### What the exercise asks
Please return each entry that follows exactly as written, and keep the pictures out.

[Saved entries]
----
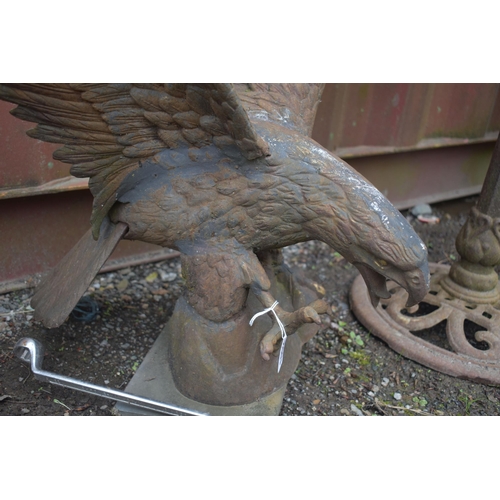 1002 - AN OPPOSING PAIR OF WEATHERED CAST IRON SCULPTURES, of a bird of prey with wings outspread, wings wi... 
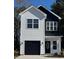 Charming two-story home with modern design, featuring black and white exterior and a well-manicured lawn at 210 26Th Ave. S, Myrtle Beach, SC 29577
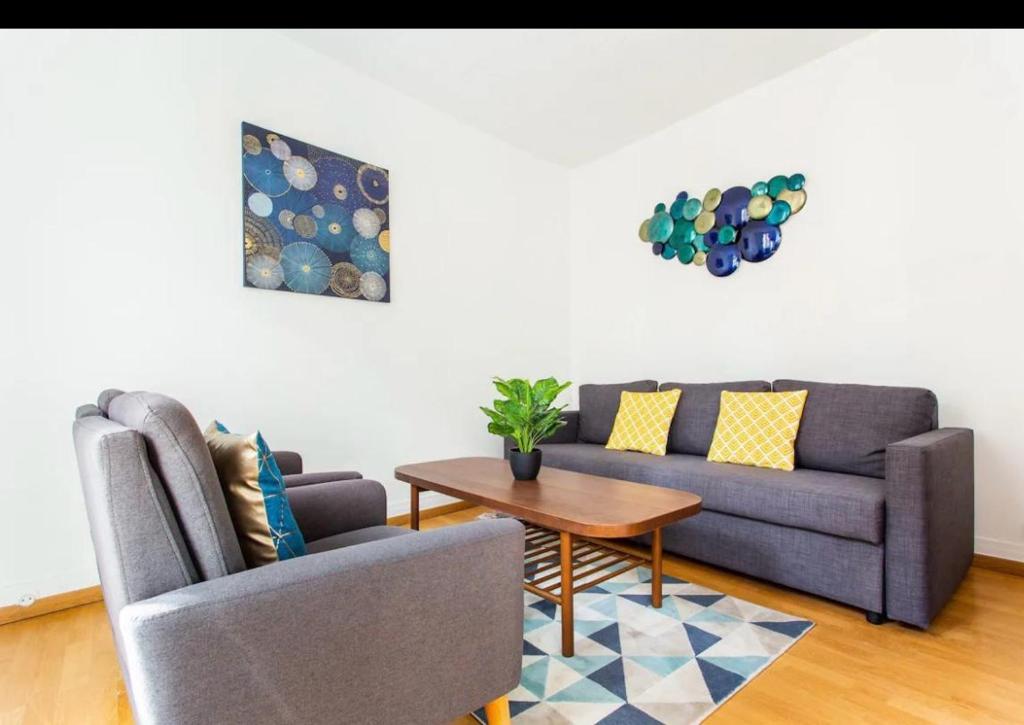 un salon avec un canapé et une table dans l'établissement Le Raspail - Charmant appartement proche Paris, à Levallois-Perret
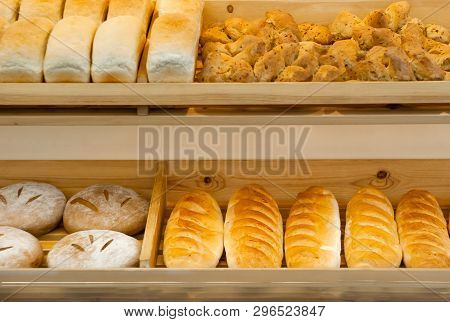 Background - Shelves In A Bakery With Fresh Bread Of Different Varieties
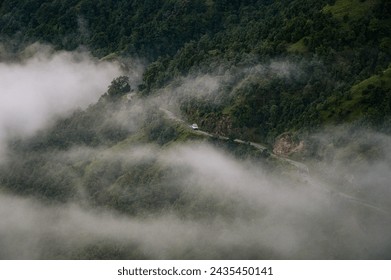 An aerial view of a mountain range enveloped in low-hanging clouds reveals a breathtaking landscape of lush green trees and rocks, with a winding road cutting through it.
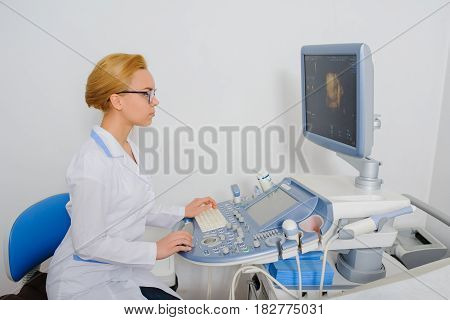 Doctor Analyze The Result Of Ultrasound Diagnostic Machine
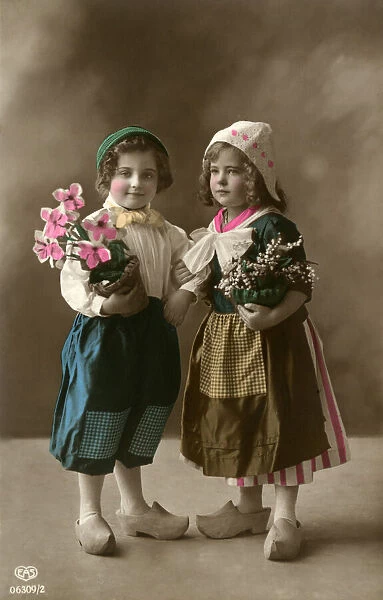 Postcard, Dutch boy and girl with flowers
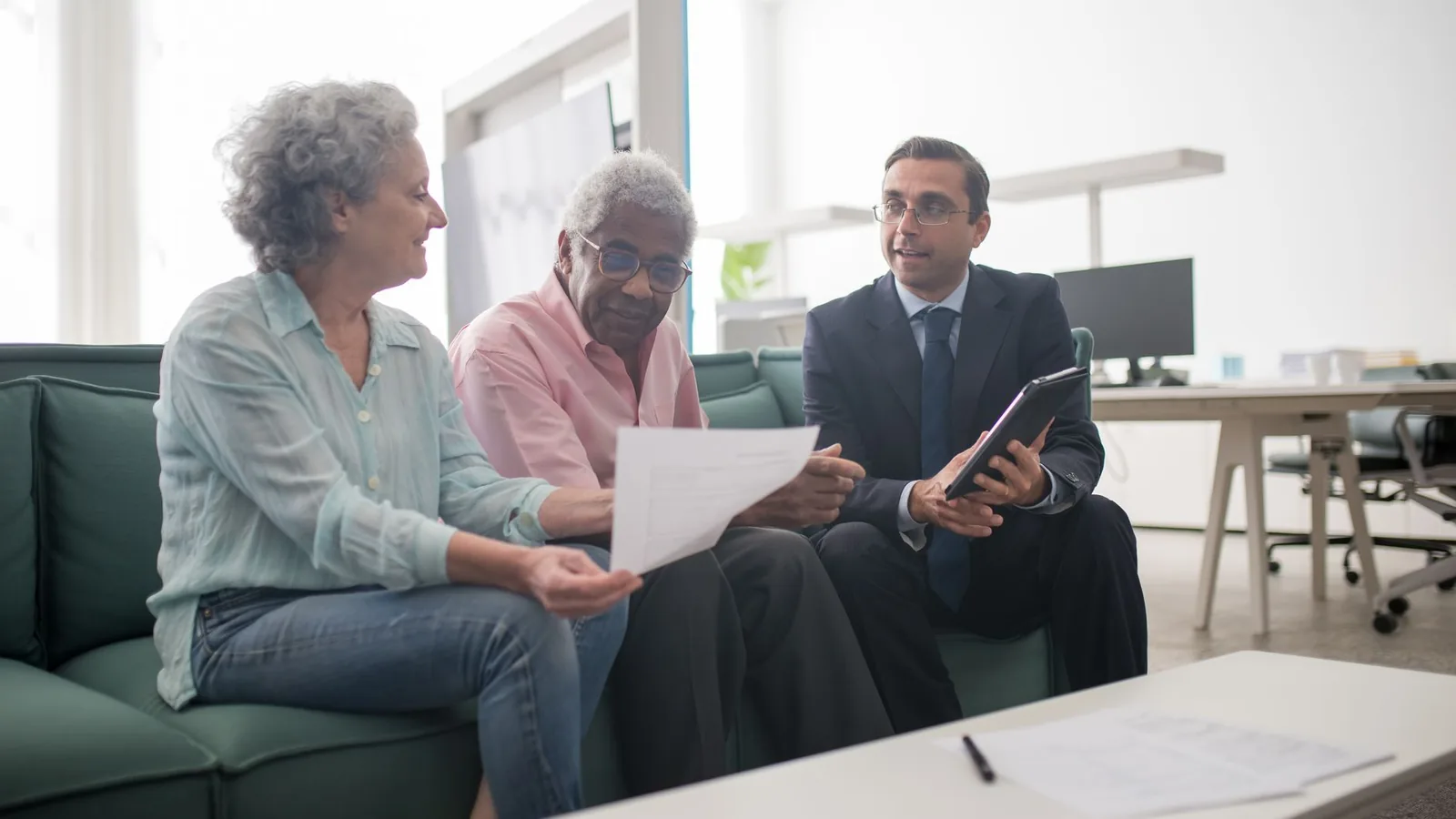 Senior couple discussing documents with a business advisor in a modern office setting.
----
### Answer to this task
 1002 - AN OPPOSING PAIR OF WEATHERED CAST IRON SCULPTURES, of a bird of prey with wings outspread, wings wi... 
 Charming two-story home with modern design, featuring black and white exterior and a well-manicured lawn at 210 26Th Ave. S, Myrtle Beach, SC 29577
 un salon avec un canapé et une table dans l'établissement Le Raspail - Charmant appartement proche Paris, à Levallois-Perret
 Background - Shelves In A Bakery With Fresh Bread Of Different Varieties
 An aerial view of a mountain range enveloped in low-hanging clouds reveals a breathtaking landscape of lush green trees and rocks, with a winding road cutting through it.
 Doctor Analyze The Result Of Ultrasound Diagnostic Machine
 Postcard, Dutch boy and girl with flowers
 Senior couple discussing documents with a business advisor in a modern office setting.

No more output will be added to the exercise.